Wednesday, January 9, 2008 · No Comments

Whaaaa….?

Here are a few theories.

Like the Washington Post’s Jon Cohen and Jennifer Agiest, I don’t buy the so-called “Bradley Effect” in 2008.

A more likely culprit than the role of race in the New Hampshire election was the “likely voter” modeling, with pollsters perhaps over-counting the boost of enthusiasm among Obama supporters following his victory in Iowa. Another possibility is that independents opted at the last minute to participate in the Republican primary, depriving Obama of crucial voters.

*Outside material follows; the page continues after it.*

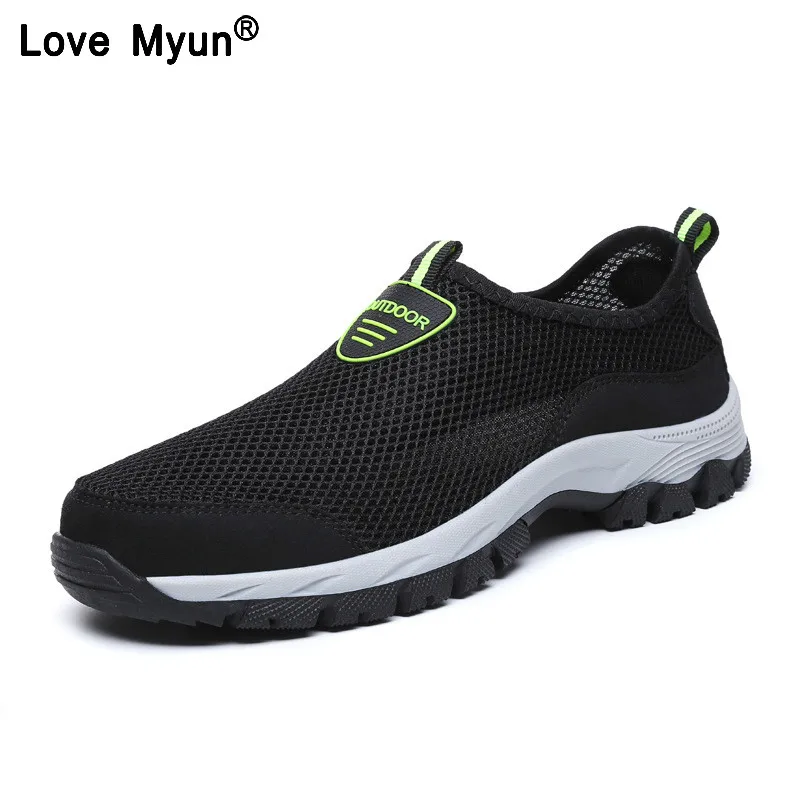 Men Summer Comfortable Casual Shoes Slip on Breathable Air Mesh Flats ...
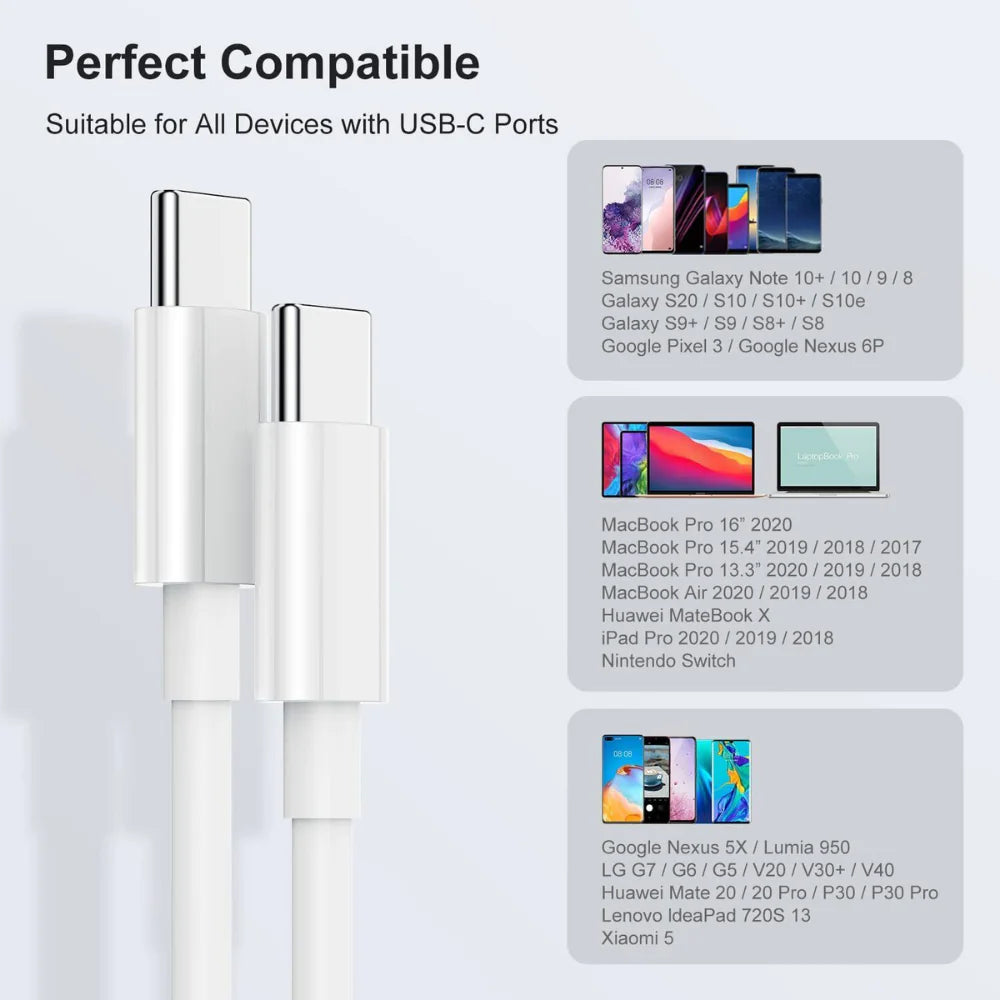 2pack 3FT Type-C to Type-C Fast Charger Cable - Anti Spier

A further potential source of error stems from New Hampshire ballot rules. In previous contests, the state rotated candidate names from precinct to precinct, but this year the names were in alphabetical order, with Clinton near the top and Obama lower down. Stanford Professor Jon Krosnick, a survey specialist and expert witness in a lawsuit about ballot order in New Hampshire, has estimated a three percentage point or greater bounce for a big name candidate appearing high on the ballot. Therefore, if pre-election polls randomized candidate names, as most do, they would have underestimated Clinton’s support by at least three points.

Tim Russert reportedly said internal campaign tracking polls were as wrong as the public ones. Obama’s people were telling him he had a 14 point edge; Clinton’s were telling her he was ahead by 11.

Another underestimated factor — a frequently underestimated factor:  Early absentee ballots.  How many Democrats cast their ballots before the Iowa results?  Hillary’s campaign emphasized rounding those up. 

Anyway.  As I said earlier, Obama needs to be tested while the public’s watching.  Recovering from unexpected disappointment is a good next test.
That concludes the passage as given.